During his short time in Congress, Paul has been one of the loudest voices warning against the part of the Patriot Act that apparently allowed the NSA to get so many phone call records. When the Patriot Act was up for reauthorization in 2011, he offered an unsuccessful amendment to repeal the relevant section of the law.
"I've been saying for a long time that we ought to obey the Constitution and the Bill of Rights," Paul said. "I'm all for going after terrorists, I'm all for going after criminals, but I think you go to a judge and you ask for a warrant specified to a person. You shouldn't look at millions and millions."
Still, at least one of Paul's fellow Republicans rolled his eyes at the libertarian-minded senator's take on the NSA controversy.
Sen. Lindsey Graham (R-S.C.), a longtime proponent of aggressive surveillance tactics, told McClatchy he disagreed with Paul on Thursday.
"Sen. Rand Paul, he's a libertarian, and in Rand Paul's world you have almost no defenses against terrorists," Graham said. "In Rand Paul's world, you can't hold somebody for questioning who's been involved in an attack on our country."

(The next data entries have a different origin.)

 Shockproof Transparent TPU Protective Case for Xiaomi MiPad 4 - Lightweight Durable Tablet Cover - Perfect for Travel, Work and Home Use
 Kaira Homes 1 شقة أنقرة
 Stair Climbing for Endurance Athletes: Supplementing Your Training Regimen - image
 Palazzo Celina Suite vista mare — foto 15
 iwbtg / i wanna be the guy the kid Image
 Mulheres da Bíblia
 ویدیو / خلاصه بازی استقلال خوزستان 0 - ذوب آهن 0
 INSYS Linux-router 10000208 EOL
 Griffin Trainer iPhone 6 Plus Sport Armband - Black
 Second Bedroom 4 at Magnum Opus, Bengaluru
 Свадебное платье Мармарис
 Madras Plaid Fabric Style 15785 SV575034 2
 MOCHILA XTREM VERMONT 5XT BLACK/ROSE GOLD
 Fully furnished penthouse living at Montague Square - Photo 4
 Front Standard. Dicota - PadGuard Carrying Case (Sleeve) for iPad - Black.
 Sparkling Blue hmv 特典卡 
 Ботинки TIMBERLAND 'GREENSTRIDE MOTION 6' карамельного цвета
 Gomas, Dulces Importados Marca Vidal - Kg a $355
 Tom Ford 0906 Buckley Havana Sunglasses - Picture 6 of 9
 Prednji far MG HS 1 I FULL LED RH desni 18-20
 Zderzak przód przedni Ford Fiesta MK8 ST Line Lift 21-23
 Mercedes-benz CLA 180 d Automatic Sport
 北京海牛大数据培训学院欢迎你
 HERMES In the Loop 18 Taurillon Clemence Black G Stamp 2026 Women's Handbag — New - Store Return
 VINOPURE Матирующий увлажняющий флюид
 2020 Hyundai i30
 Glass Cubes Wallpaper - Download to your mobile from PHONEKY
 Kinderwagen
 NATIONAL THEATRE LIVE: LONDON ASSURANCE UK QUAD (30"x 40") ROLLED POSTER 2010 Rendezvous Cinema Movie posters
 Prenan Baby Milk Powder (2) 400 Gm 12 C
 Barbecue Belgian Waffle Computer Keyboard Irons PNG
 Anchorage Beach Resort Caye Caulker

Top senators including the Democratic and Republican leaders of the Senate Intelligence Committee also defended the program on Thursday.
But one newer member of the committee, Sen. Angus King (I-Maine), said he needed to know more about the NSA's program before passing judgment on it. King was not a member of Congress in 2011 when the Patriot Act was reauthorized or last year when a foreign wiretapping law was extended.
"The question is whether that database has to reside at NSA for some reasons of timeliness," he said. "I would much prefer, instinctively, as a person that believes in the Fourth Amendment, that it be a narrow, focused search based on some criteria. But I want to reserve judgment until I hear from the NSA."